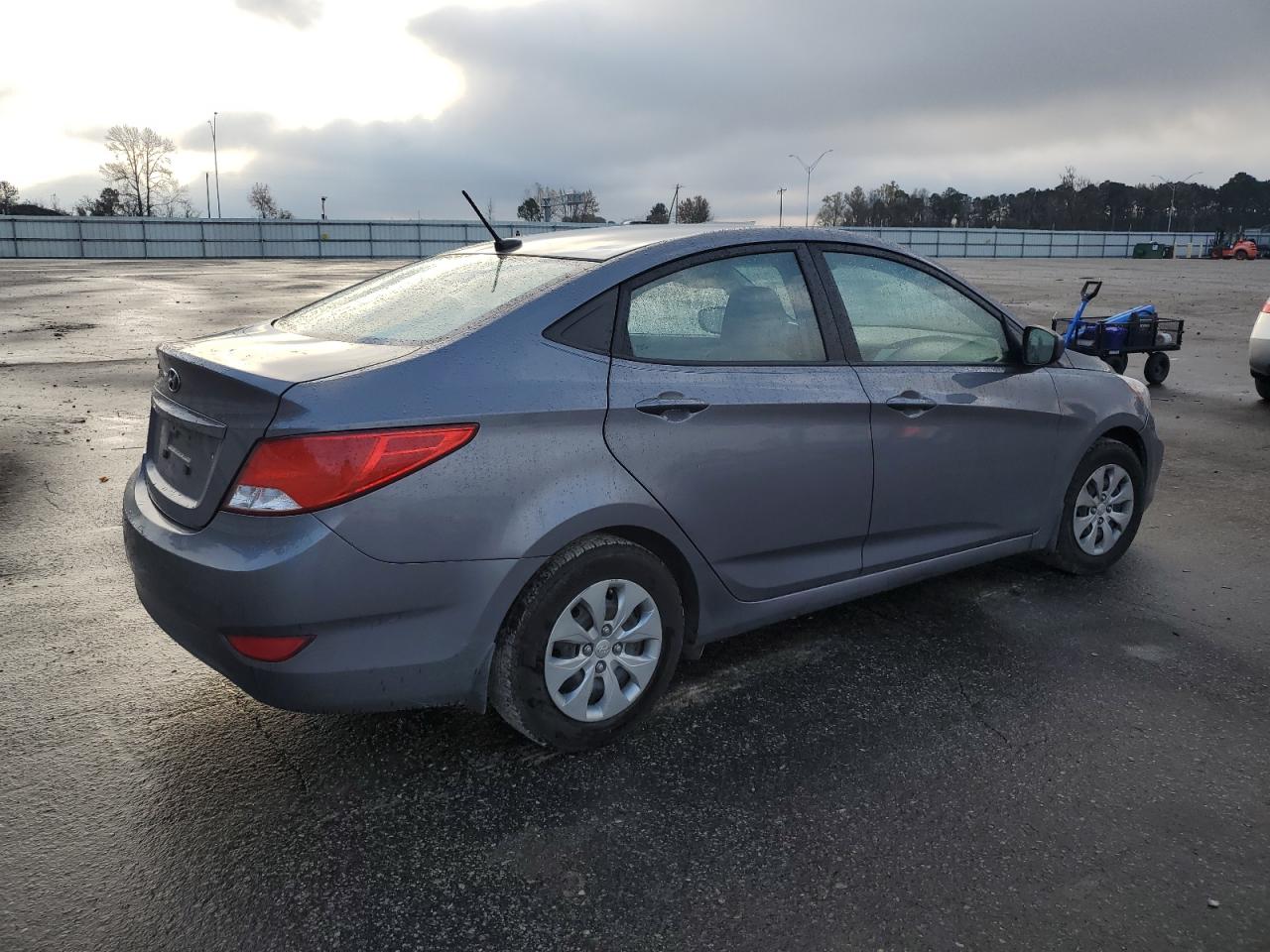 Изображение 3 2017 HYUNDAI ACCENT SE 2017 с VIN KMHCT4AE6HU327556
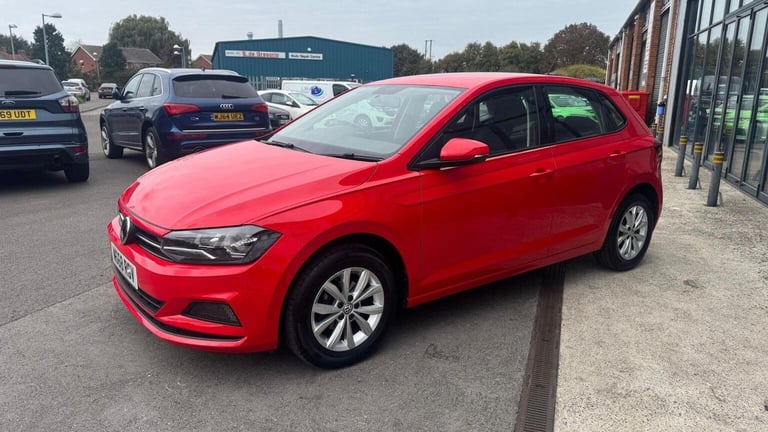 VOLKSWAGEN POLO 1.0 TSI SE Euro 6 (s/s) 5dr 2018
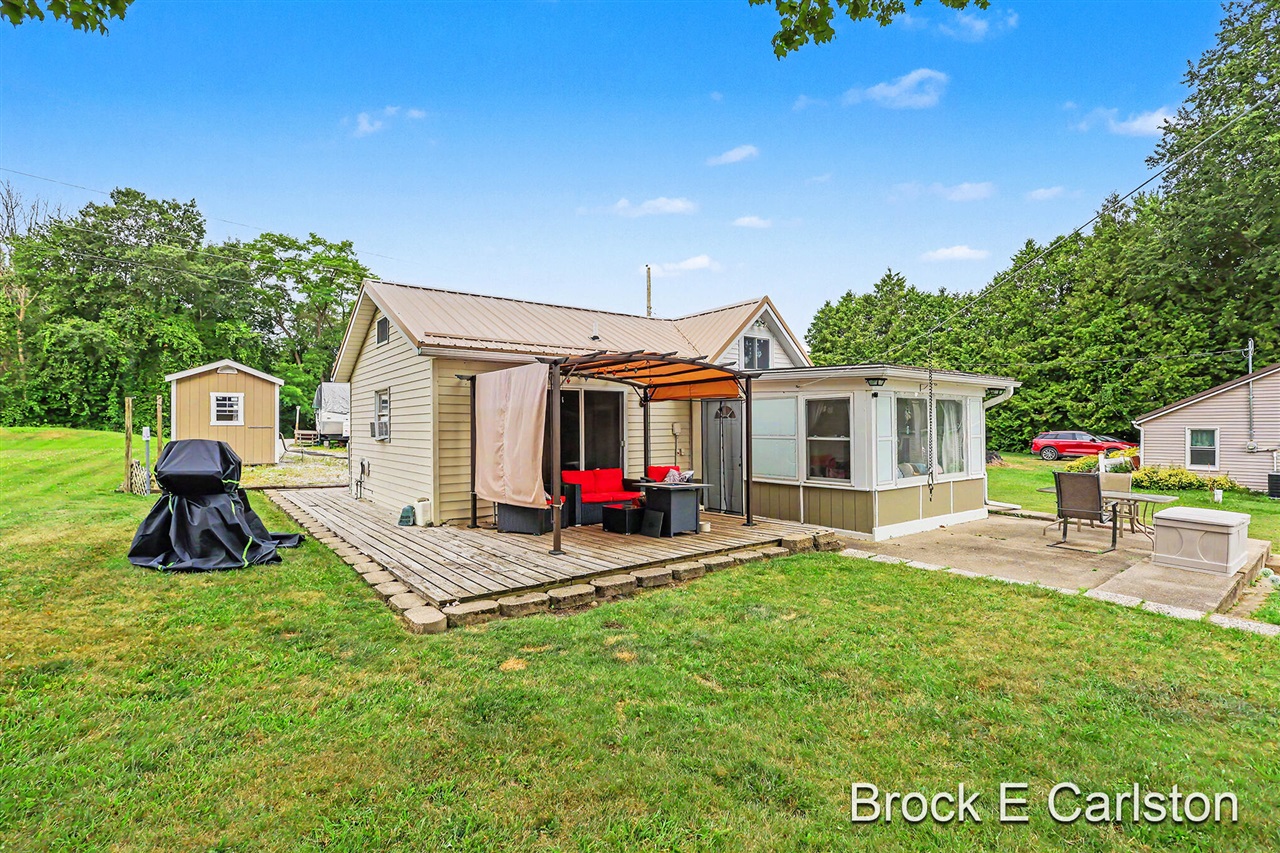 4th image of 2900 S Martin Dr, Fremont, MI 49412 | MLS# 70548290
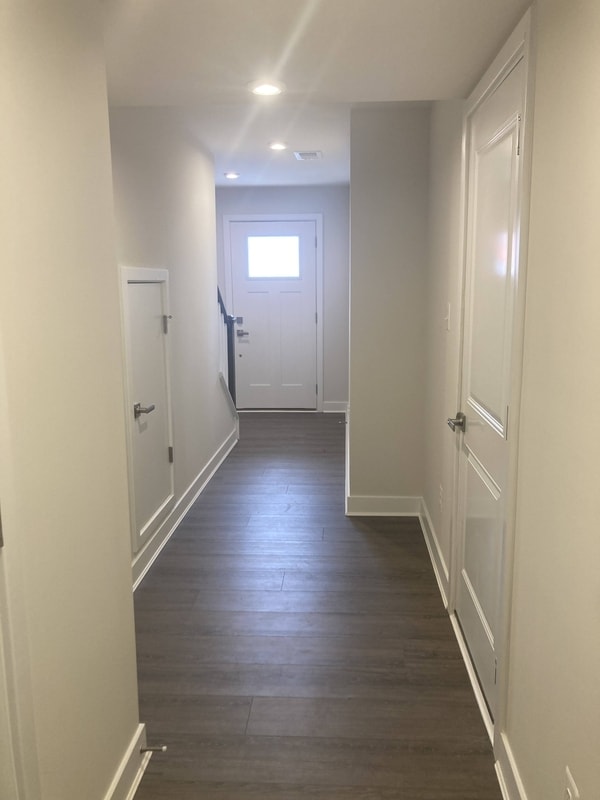 Building Photo - 1951 Bellac Wy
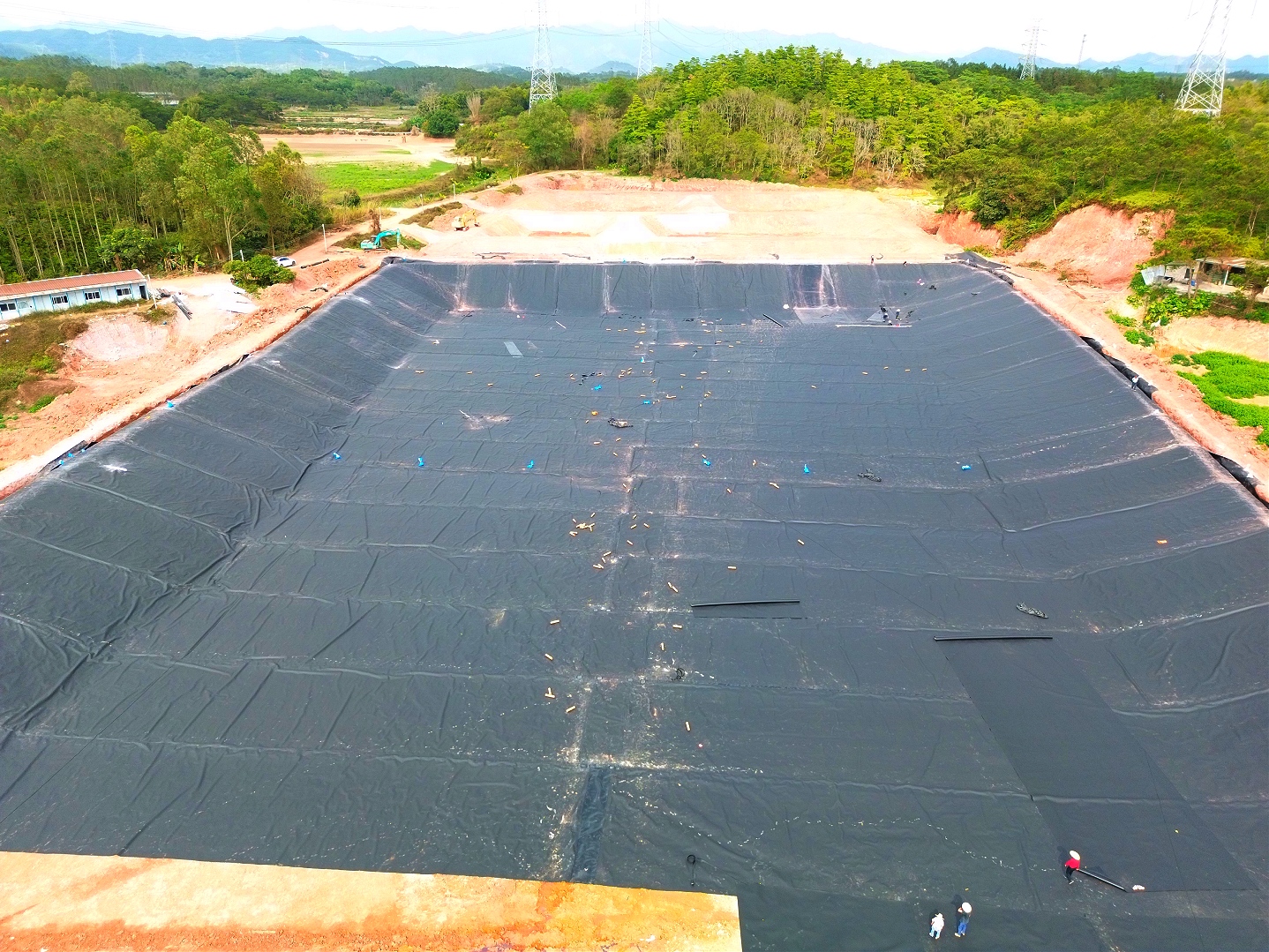 OEM Woven Geotextile Fabric: Key Benefits and Applications for Durable Ground Stabilization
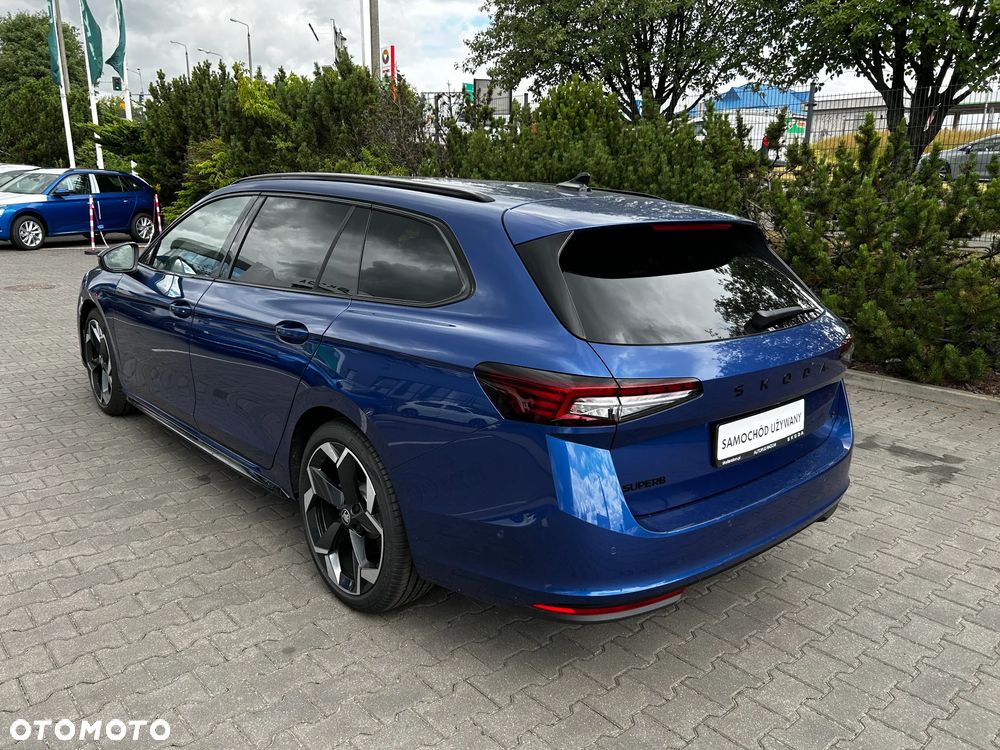 Skoda Superb 2.0 TDI SCR 4x4 Sportline DSG - 9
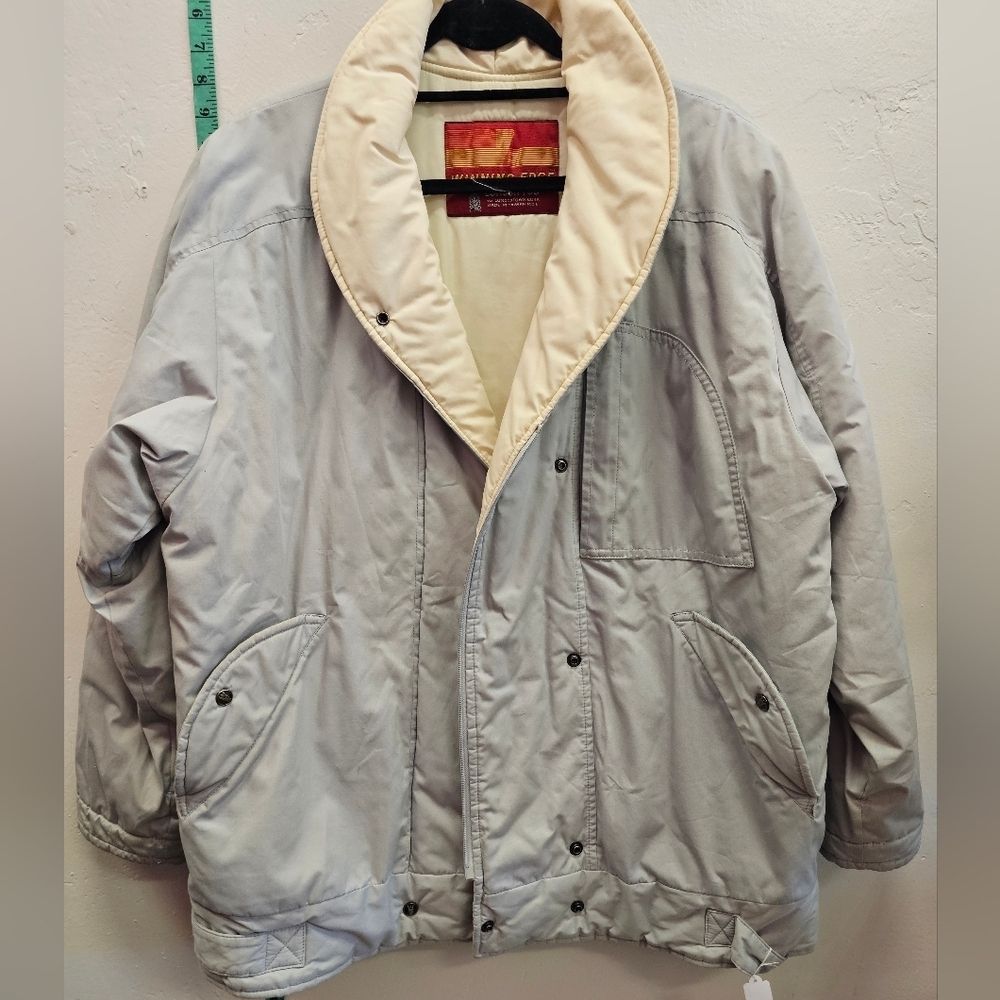 Winter, vintage, travel, cold, London, fog, casual, puffer, simple, retro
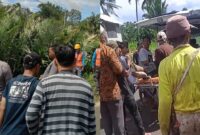 Kolase foto saat polisi melakukan olah TKP bersama PLN dan saat korban dievakuasi ke mobil ambulance, Jumat 20 Juni 2025 | Dok. Ist.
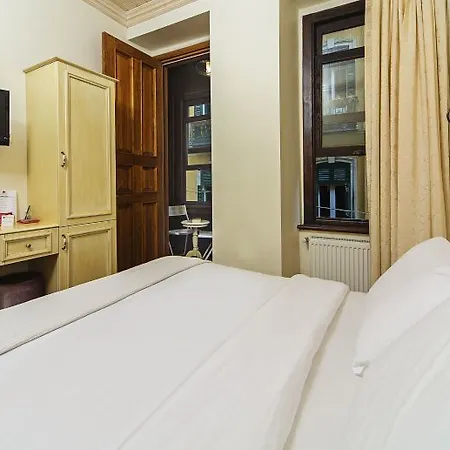 Meroddi Galata Mansion 3* İstanbul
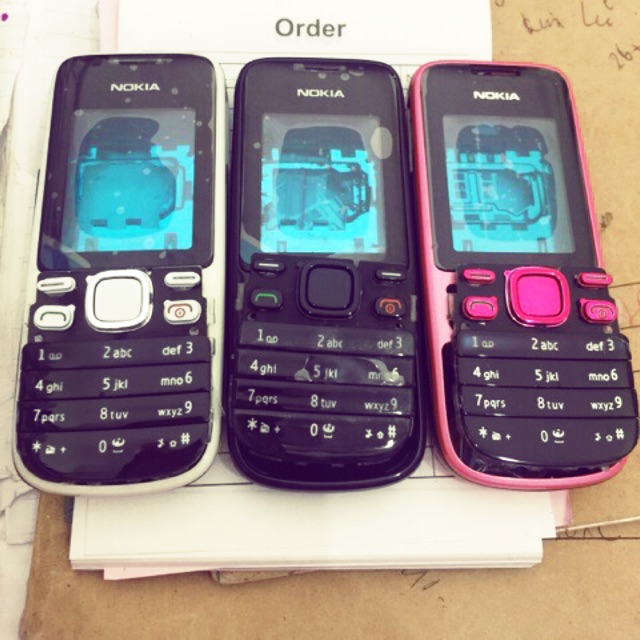 Vỏ nokia 2690 mặt trước nắp sau(mtns)và vỏ có xương hoặc vỏ đầy đủ cả phím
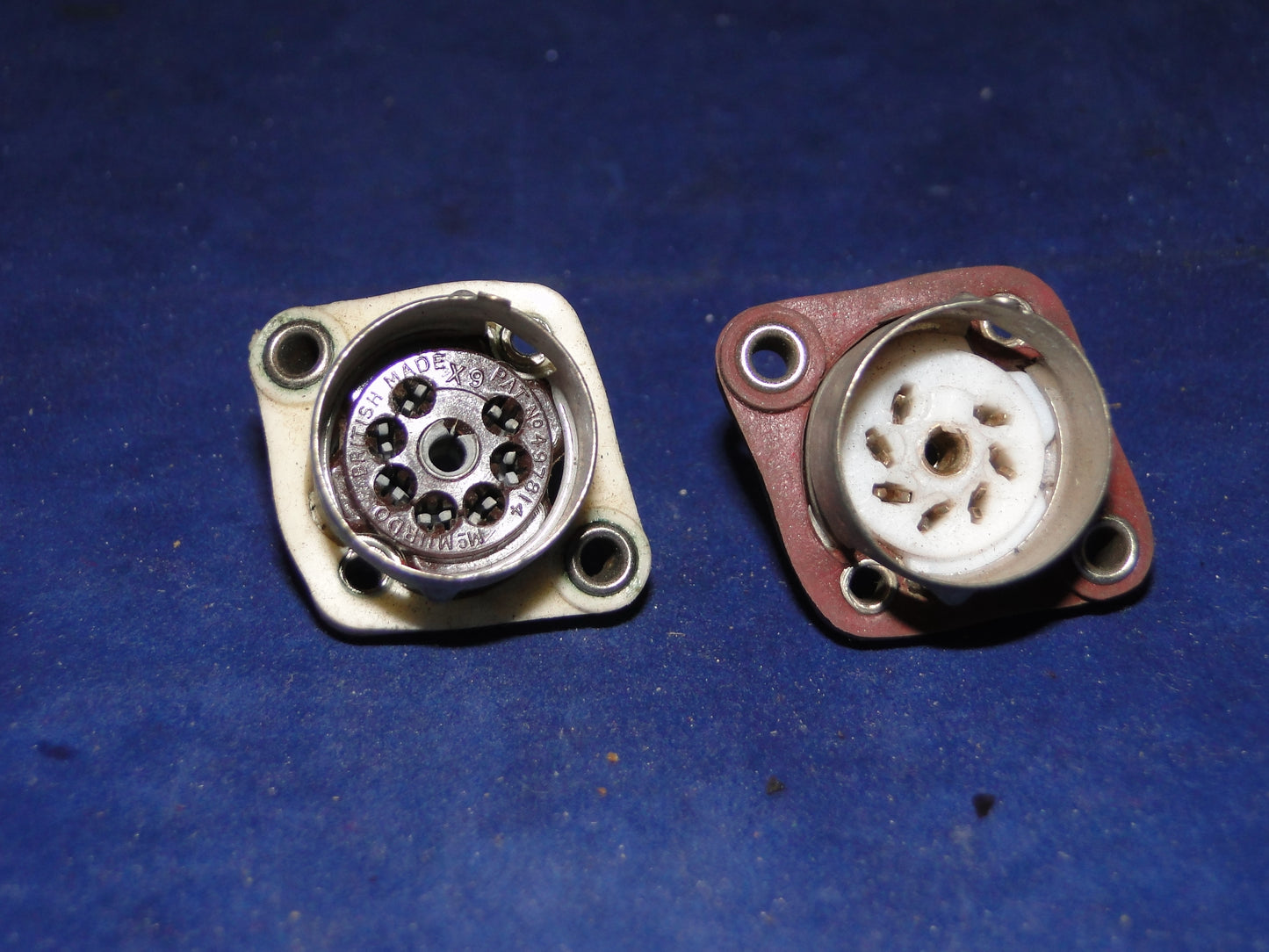 BROWN MICANOL/PTFE, VALVE BASES  X2, WITH SHOCKPROOF RUBBER MOUNTS,B7G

- **What to work on**
Your copy should be the entries retyped exactly, with no images in it.

- **Answer to this problem**
 Изображение 3 2017 HYUNDAI ACCENT SE 2017 с VIN KMHCT4AE6HU327556
 VOLKSWAGEN POLO 1.0 TSI SE Euro 6 (s/s) 5dr 2018
 4th image of 2900 S Martin Dr, Fremont, MI 49412 | MLS# 70548290
 Building Photo - 1951 Bellac Wy
 OEM Woven Geotextile Fabric: Key Benefits and Applications for Durable Ground Stabilization
 Skoda Superb 2.0 TDI SCR 4x4 Sportline DSG - 9
 Winter, vintage, travel, cold, London, fog, casual, puffer, simple, retro
 Kolase foto saat polisi melakukan olah TKP bersama PLN dan saat korban dievakuasi ke mobil ambulance, Jumat 20 Juni 2025 | Dok. Ist.
 Meroddi Galata Mansion 3* İstanbul
 Vỏ nokia 2690 mặt trước nắp sau(mtns)và vỏ có xương hoặc vỏ đầy đủ cả phím
 BROWN MICANOL/PTFE, VALVE BASES  X2, WITH SHOCKPROOF RUBBER MOUNTS,B7G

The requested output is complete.